Patricia Annette HODGE, Plaintiff and Respondent, v. Richard Lee GOULD, Defendant and Appellant.

Civ. 9319.

Decided: July 15, 1969

Hunter, Schroeder & Renshaw and Daniel B. Hunter, San Diego, for defendant and appellant. John Kosmas, San Diego, for plaintiff and respondent.


Patricia Annette Hodge filed a verified complaint in the Superior Court of San Diego County in which she alleged the defendant Richard Lee Gould was the father of her unborn child. She also obtained an order from the court directing the defendant to appear on April 2, 1968, and show cause, if any he had, why he should not be required to pay temporary support and maintenance for the unborn child, medical and hospital expenses incident to its birth and plaintiff's attorney's fees and costs in the action.

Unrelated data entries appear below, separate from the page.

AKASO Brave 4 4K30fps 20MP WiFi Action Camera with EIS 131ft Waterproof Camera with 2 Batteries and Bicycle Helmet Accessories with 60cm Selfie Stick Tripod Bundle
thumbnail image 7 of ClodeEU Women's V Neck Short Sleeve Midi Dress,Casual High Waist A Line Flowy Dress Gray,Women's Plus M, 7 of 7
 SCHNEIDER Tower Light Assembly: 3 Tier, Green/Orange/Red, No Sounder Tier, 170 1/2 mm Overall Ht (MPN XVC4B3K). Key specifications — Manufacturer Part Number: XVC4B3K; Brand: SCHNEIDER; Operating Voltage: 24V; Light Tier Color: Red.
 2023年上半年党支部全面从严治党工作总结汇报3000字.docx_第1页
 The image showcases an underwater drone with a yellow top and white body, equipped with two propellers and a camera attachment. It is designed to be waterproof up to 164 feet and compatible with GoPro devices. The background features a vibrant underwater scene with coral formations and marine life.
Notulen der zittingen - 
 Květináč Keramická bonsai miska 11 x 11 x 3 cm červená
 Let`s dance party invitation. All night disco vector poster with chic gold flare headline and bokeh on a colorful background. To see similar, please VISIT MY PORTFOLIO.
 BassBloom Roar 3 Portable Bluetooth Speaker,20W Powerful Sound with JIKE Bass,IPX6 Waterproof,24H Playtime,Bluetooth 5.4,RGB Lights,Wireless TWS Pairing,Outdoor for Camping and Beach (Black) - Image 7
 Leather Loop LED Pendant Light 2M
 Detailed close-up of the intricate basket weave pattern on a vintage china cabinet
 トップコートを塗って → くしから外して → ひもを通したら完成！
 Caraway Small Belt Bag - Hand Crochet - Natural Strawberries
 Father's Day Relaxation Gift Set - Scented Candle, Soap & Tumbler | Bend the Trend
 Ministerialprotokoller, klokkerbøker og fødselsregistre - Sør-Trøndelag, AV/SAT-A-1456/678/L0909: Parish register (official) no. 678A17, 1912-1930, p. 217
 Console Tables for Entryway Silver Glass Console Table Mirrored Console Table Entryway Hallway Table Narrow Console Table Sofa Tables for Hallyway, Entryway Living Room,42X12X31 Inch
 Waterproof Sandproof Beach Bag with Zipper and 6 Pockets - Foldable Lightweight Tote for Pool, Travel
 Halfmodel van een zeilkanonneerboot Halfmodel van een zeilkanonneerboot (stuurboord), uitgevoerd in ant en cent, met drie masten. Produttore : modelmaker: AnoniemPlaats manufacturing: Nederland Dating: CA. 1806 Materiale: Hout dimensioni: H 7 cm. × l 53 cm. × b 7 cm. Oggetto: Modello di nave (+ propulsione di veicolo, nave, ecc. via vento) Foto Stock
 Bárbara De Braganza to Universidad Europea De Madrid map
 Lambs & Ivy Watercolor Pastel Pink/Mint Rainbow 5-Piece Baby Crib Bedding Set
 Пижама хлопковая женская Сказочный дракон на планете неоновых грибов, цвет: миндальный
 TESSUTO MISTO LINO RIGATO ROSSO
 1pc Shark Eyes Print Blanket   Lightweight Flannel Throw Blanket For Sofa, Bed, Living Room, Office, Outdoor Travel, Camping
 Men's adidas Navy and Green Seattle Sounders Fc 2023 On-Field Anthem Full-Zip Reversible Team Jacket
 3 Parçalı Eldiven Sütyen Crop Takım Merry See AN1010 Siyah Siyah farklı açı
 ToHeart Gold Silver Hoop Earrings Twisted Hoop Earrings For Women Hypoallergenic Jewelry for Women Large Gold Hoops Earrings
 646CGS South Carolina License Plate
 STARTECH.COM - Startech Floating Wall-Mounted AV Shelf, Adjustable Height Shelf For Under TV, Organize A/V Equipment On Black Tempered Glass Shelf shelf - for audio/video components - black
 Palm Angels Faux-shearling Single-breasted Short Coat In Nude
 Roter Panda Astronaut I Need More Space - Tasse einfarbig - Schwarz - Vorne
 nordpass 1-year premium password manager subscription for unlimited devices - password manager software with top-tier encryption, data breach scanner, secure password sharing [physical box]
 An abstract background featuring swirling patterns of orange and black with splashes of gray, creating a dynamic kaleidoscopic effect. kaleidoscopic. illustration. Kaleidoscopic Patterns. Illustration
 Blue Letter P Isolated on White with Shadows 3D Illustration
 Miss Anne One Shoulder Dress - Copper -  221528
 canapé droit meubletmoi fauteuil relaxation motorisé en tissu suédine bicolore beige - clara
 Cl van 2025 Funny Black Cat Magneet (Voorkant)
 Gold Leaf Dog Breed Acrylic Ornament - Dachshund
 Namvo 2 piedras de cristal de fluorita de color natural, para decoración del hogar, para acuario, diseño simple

Before the April 2nd hearing, defendant filed a verified answer in which he denied he was the father of the child and placed in issue plaintiff's need for the funds requested and his own financial ability to pay. Defendant and his attorney appeared in court for the hearing on the order to show cause. After the attorney for the plaintiff made a brief recital of the facts alleged in the complaint, the following exchange took place between the court and the attorney representing the defendant:

‘MR. HUNTER: I would like to point out that at this particular time, if you will let me, a proceeding merely on the filing of a complaint for paternity is insufficient showing that the defendant is the father of this child to sustain any order by the Court in this connection at this time.

‘THE COURT: I hear that all the time. You can have the blood tests made.

‘MR. HUNTER: I would also like that at an appropriate time that a blood test be made.

‘THE COURT: I'll order him to pay all of the hospital and doctor bills and $350. attorney fees, and he'll pay, if the blood tests bear out the paternity of the child on the presumption, he'll pay $125. a month for the support of the child.’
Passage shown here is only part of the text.